On 2011-05-20 at 14:10, Andrew Deason ( [email protected] ) said:
On Fri, 20 May 2011 13:51:05 -0400 (EDT)
Andy Cobaugh <[email protected]> wrote:

...or it's that you're writing to the same disk twice as much. If the
cache and /vicepX are on the same disk, it seems pretty intuitive that
it's going to be slower.

It was with memcache.

Well _I_ wasn't talking about memcache. :)

Of course. When I'm talking about performance, I'm almost never talking about disk cache ;)

mal and badger are slightly different hardware, but the tests above
show that we get very similar performance between all server and
client combinations except the case where client and server are on the
same machine.

Maybe I'm missing something here?

I think to some extent it can still be that they're just using the same
hardware resources, so some performance loss is to be expected (if the
network wasn't the bottleneck for separate machines).

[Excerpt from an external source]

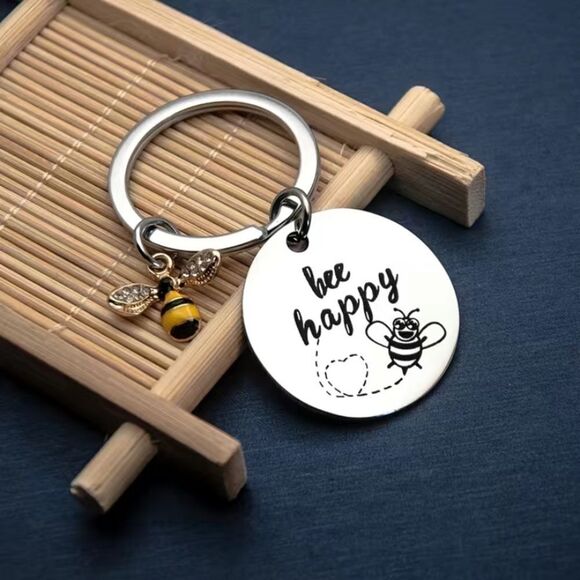 ⚡️SALE ⚡️!!! 🐝 🌻 Stainless Steel Hanging Bee Happy Keychain Bag Charm 🌻🐝 - Picture 1 of 6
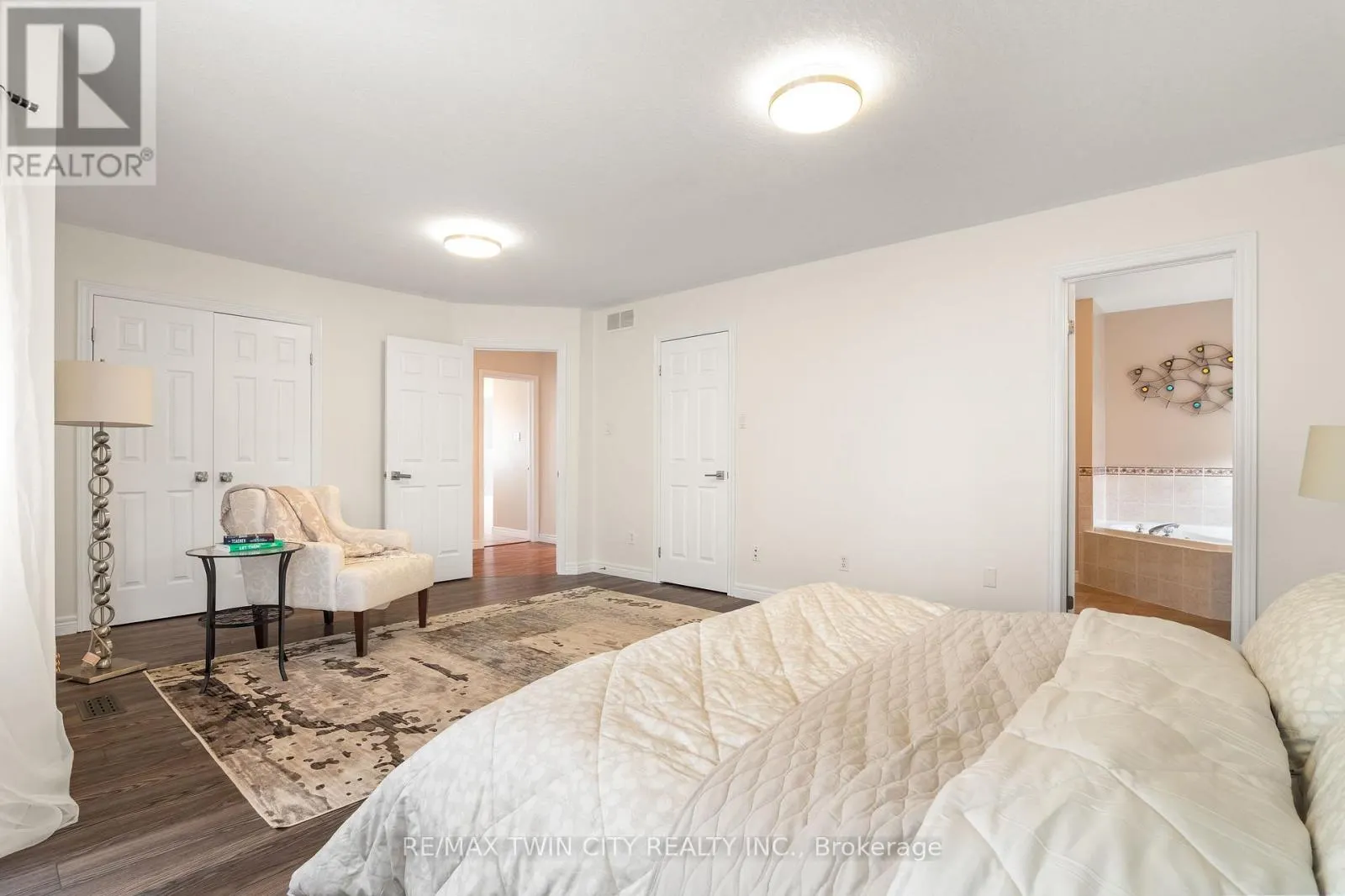 534 BIRCHLEAF WALK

I'm not sure if
that can explain that degree of difference, though. I believe Rx in the
past has had some odd behavior that really low RTT, but any known fixes
there should have been in 1.6 for awhile.

I expect a similar thing happens on 1.4? Though of course the baseline
performance is probably different, so it's not really comparing the same
thing.

I think there were differences with 1.4, but it's been a while since that particular machine has run 1.4 that I don't remember exactly.

One would think that a modern 8-core box with 32GB of memory would provide for enough 'isolation' between server and client. Maybe I just don't know enough about what resources are involved in that case.

I'm still curious what's actually causing that much of a performance loss.